↓↓↓
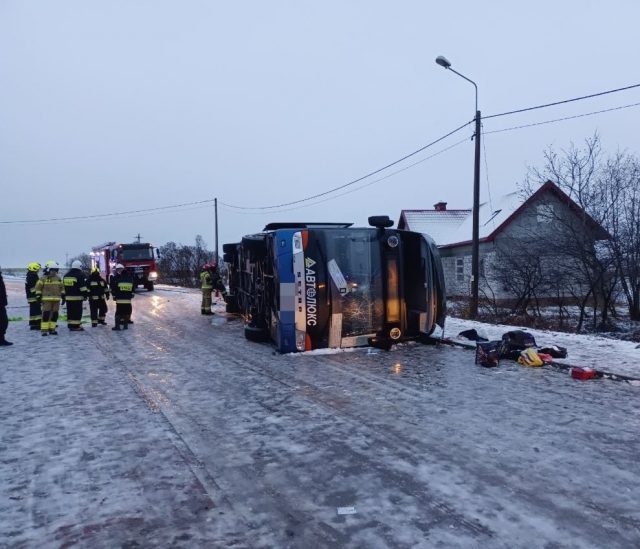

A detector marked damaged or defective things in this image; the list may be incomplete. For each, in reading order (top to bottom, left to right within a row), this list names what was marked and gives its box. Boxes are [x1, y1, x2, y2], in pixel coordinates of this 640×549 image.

overturned bus [224, 214, 444, 352]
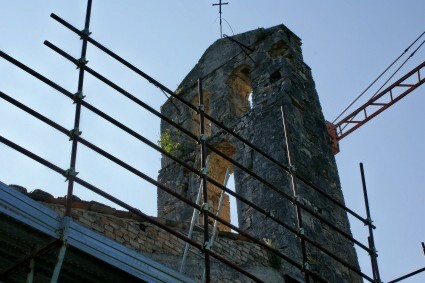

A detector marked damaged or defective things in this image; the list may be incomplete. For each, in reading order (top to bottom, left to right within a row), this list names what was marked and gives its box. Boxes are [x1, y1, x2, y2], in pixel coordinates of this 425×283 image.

rusty metal pole [63, 0, 92, 216]
rusty metal pole [280, 107, 310, 283]
rusty metal pole [358, 163, 380, 282]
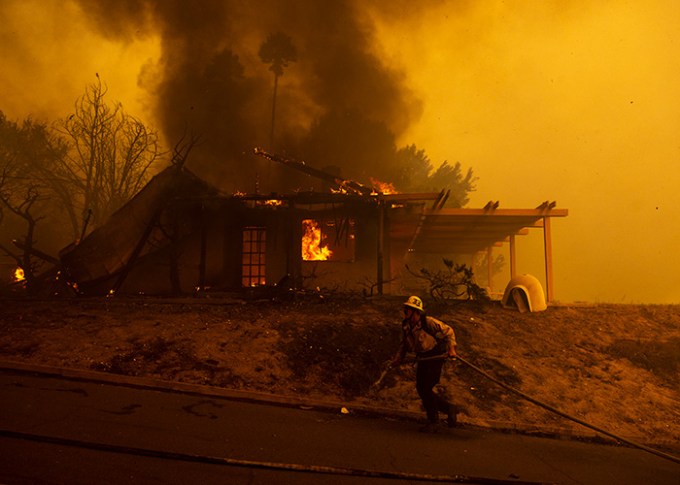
↑↑↑
- **GOAL OF THE EXERCISE**
Your task is to output the material word for word while leaving out every image.

- **RESPONSE AREA**
A detector marked damaged or defective things in this image; the list may be incomplete. For each, in reading order (top to bottom, left to right within a row), this list names what was marked and gives its box. Boxes are [x1, y1, x2, y2], in pixel coordinates of this 640×549 image.

overturned bus [224, 214, 444, 352]

A detector marked damaged or defective things in this image; the list may be incomplete. For each, in reading order (top to bottom, left to right within a row), this list names what was marked and gives its box. Boxes are [x1, y1, x2, y2], in pixel coordinates of this 425×283 image.

rusty metal pole [63, 0, 92, 216]
rusty metal pole [280, 107, 310, 283]
rusty metal pole [358, 163, 380, 282]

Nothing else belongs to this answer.